The UK solar market has seen great change over the last year, with prices falling dramatically, leading to the growth of subsidy free developments as the sector comes of age.
Following the closure of the feed-in tariff (FiT) in the UK on 31 March 2019, clean energy company AMP launched a funding partnership with Eden Sustainable to help deliver the 30MW pipeline of projects the two had (15MW of which advanced) and more.
The company’s Clean Energy Funding has continued to focus on solar, with an optimistic approach to the technology, as MD Mark Tarry explained in a recent interview.
“Solar is an important part of the renewables mix and can suit a range of organisations from schools, hotels to SMEs and large multinationals. AMP Clean Energy provides funding and development opportunities for solar PV through a Power Purchase Agreement in the post subsidy world.
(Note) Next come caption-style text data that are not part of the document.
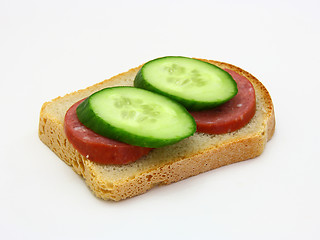 Image showing sandwich with sausage and a cucumber 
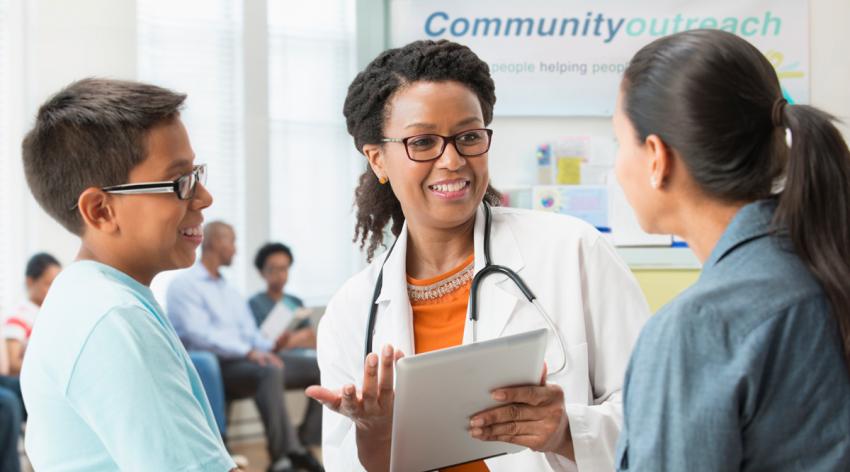 Doctor talking to mother and son at community outreach program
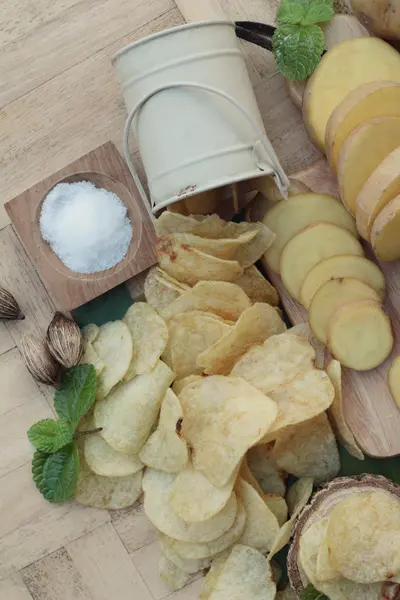 Crispy potato chips with salt and fresh potatoes — Stock Photo, Image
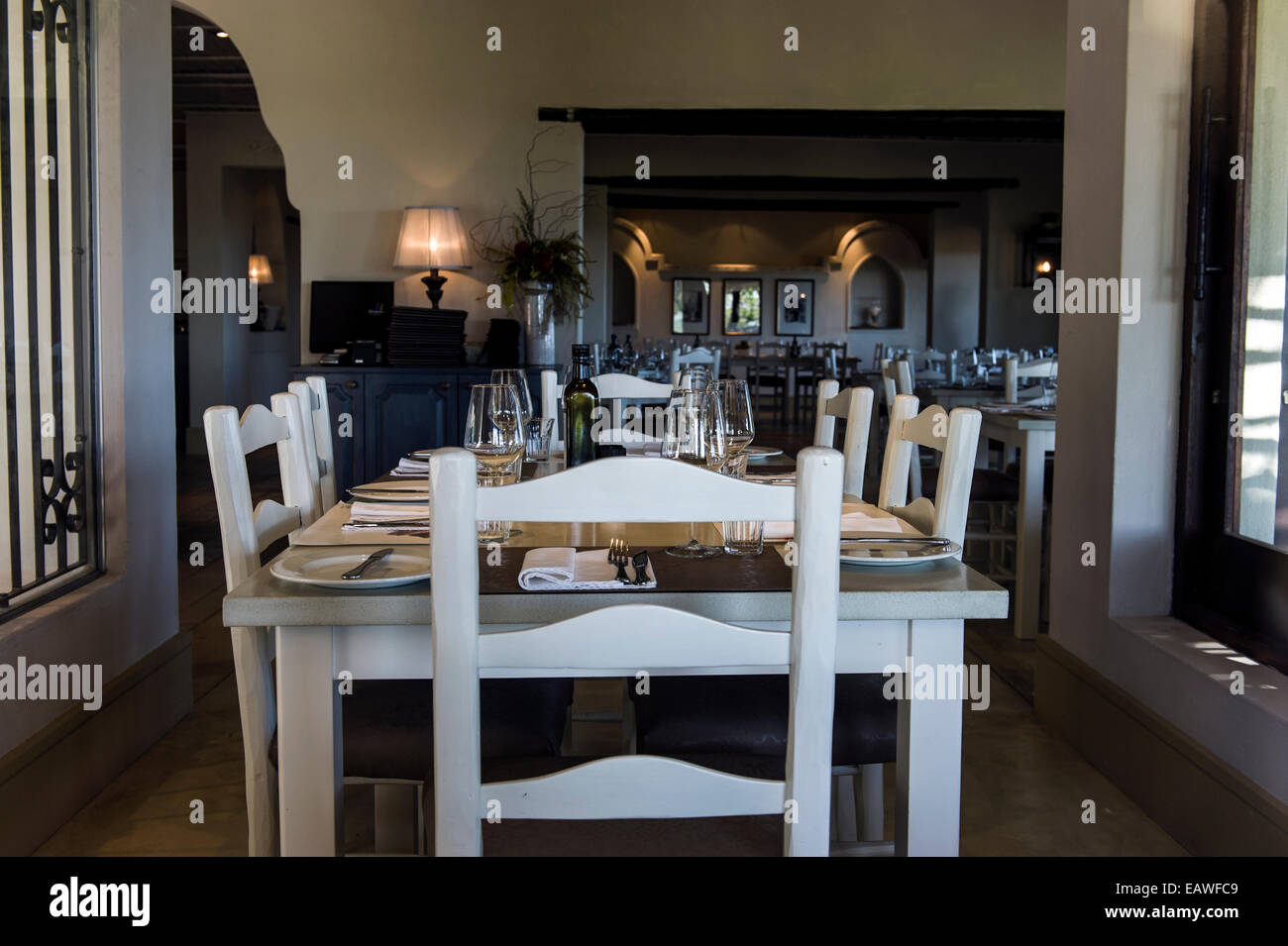 An elegant dining table set for a meal in a vineyard restaurant. Stock Photo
“So, we think that market is about to go bang, and I mean bang in a good way because it's the easiest thing to do, isn't it? If you have a roof, and you've made a statement about climate change, it makes sense to put some solar panels up. Solar is sustainable and provides low cost, predictably priced energy over the long term.
“I think it will just go the way of the mobile phone market. Companies have better things to do than invest in infrastructure yields which are around 8-12%. Most companies have three year/two year payback on that capital. So why not have somebody else fund their solar and just buy the power they use?”
Tarry continued to explain the importance of the reduction of the cost of solar, although unlike technologies like biomass which forms a large part of the company’s business, it is still relatively nascent.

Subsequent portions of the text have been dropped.